The autumn morning of September 10th, 2023 was crisp and dewy as we arrived onsite at the Calgary Centre for Spiritual Living (CCSL) in the Manchester Industrial area.  The morning sun rose over the eastern horizon while the two Heathers (Morigeau and Addy) of the Steering Committee carried boxes of sorted seedlings from the safety of inside the Centre, which was a music-filled sanctuary, to the grass outside, glistening with morning dew. The day before, volunteer Team Leads came together for site preparation, to plot out the forest area into smaller zones and organize seedlings into boxes for each of their respective zones. 

A three-person band inside the sanctuary rehearsed “Big Yellow Taxi” and the beautiful melody floated out onto the area where a new forest would soon be planted.

They took all the trees and put ‘em in a tree museum.
And charged the people a dollar and a half to see them.
No no no. 

Don’t it always seem to go,
That you don’t know what you got ‘til it’s gone?
They paved paradise and put up a parking lot.

Lance Rath, the CCSL operations manager, mentioned that the Spiritual Director, Dr Pat Campbell, had a special service planned on the importance of trees and forests, in celebration of the forest planting event. He invited us to join and I felt a quiet inner wish that I could just sit quietly in the seats of the sanctuary and hear the spiritual teachings of the Trees. 

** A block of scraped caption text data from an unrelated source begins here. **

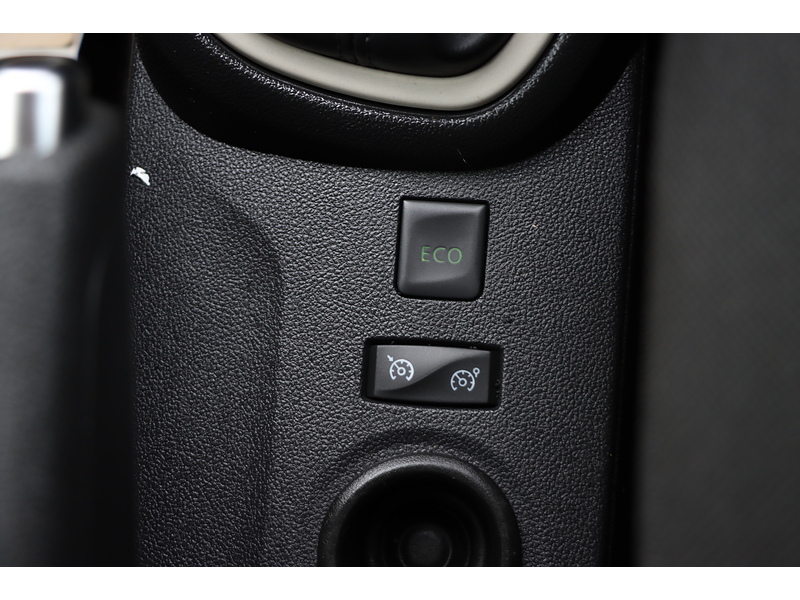 Renault 0.9 TCE ENERGY PLAY SUV 5DR PETROL MANUAL BLUETOOTH DAB RADIO USB INPUT 2 OWNERS SAME OWNER FOR 6 YEARS ONLY 28000 MILES FSH 7 SERVICES NO ULEZ CHARGE 72-74 Mitcham Road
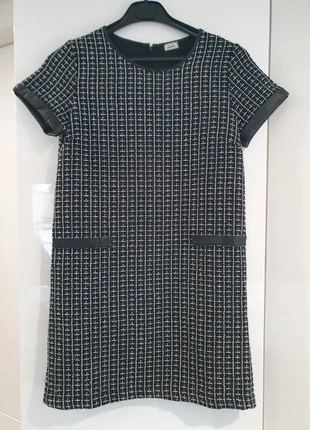 Robe Pimkie noire et blanche/ T38/ Style tweed chic
/ très bon état, marque: Pimkie, état: Très bon état, taille: M / 38 / 10, 6,00 €, 7,00 € Protection acheteurs incluse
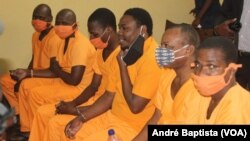 Sandura Ambrósio (com a máscara no queixo) durante o julgamento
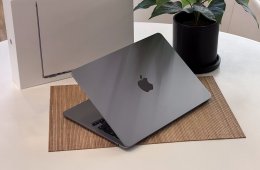 Hibátlan MacBook Air 2022 M2 13” 256GB 8GB 2 ÉV Garanciával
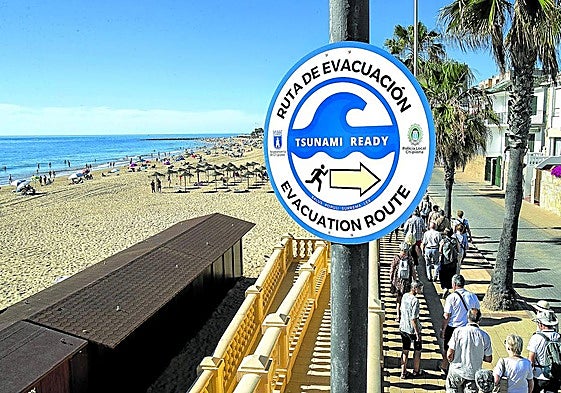 La localidad gaditana tiene señalizada desde hace años la ruta de evacuación en caso de tsunami.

However, on that day my teachings were outside the sanctuary, upon the earth and with Mother Earth’s rhythmic heartbeat. The millions of seen and unseen forces that ensured the survival of the seedlings were coming together at this unique moment in time, when we as humans were wanting to set right our relationships with the Earth and plant this forest for the benefit of future generations. 

The quiet hours of the morning shifted to increasingly busier moments of organizing boxes, buckets, tents, hoses, and paints into a system designed to make the whole process go smoothly for everyone.  The slopes of the hill to the north loomed over us as the morning sunlight stretched over its south-facing slope, a perfect spot for growing a little forest. 

As I looked upon the steep and mulch covered slope, I was reminded of a teaching from my Permaculture Design Certificate course with Kym Chi of Giggling Chi Tree, any slope over 15% grade should be planted with trees to ensure the stability of the soil and reduce erosion from the elements.

On site-prep day, the volunteer Team Leads used biodegradable flagging tape to divide the steep hillside into a grid of 27 zones, each one was 2 meters by 4 meters. Each of these spaces would be the permanent home to 32 native plant species as recommended by the Miyawaki forest planting method, which uses 4 plants per square meter to encourage rapid growth due to biodiversity that creates both supportive and competitive conditions between plants.

Trees were, and still are, systemically removed from these lands and replaced with the urban centres where the planting of new trees isn’t shared equally amongst all communities. These lands were once called Mohkinstsis by the Blackfoot Nation, Wîchispa Oyade by Stoney Nakota, Otoskwunee by the Cree Nation, Guts-ists’i by the Tsuu’tina, and ʔaknuqtap¢ik by the Ktunaxa Nation. 

Once upon a time, in the days of small wooden shacks without running water, settlers believed clearing forests ensured the relative safety of the citizens from the abundance of wildlife that lived there and relied on the forest’s abundance of food. Land was also cleared to support agriculture activities. Today, with the migration to cities and the added environmental impacts from generations coming after the industrial revolution, the benefits of forests far outweigh their risks and the harvesting of trees causes more harm than our current technologies can remedy. The best solution is to return the lands to the conditions that existed prior to the emergence of cities and the paving of paradise.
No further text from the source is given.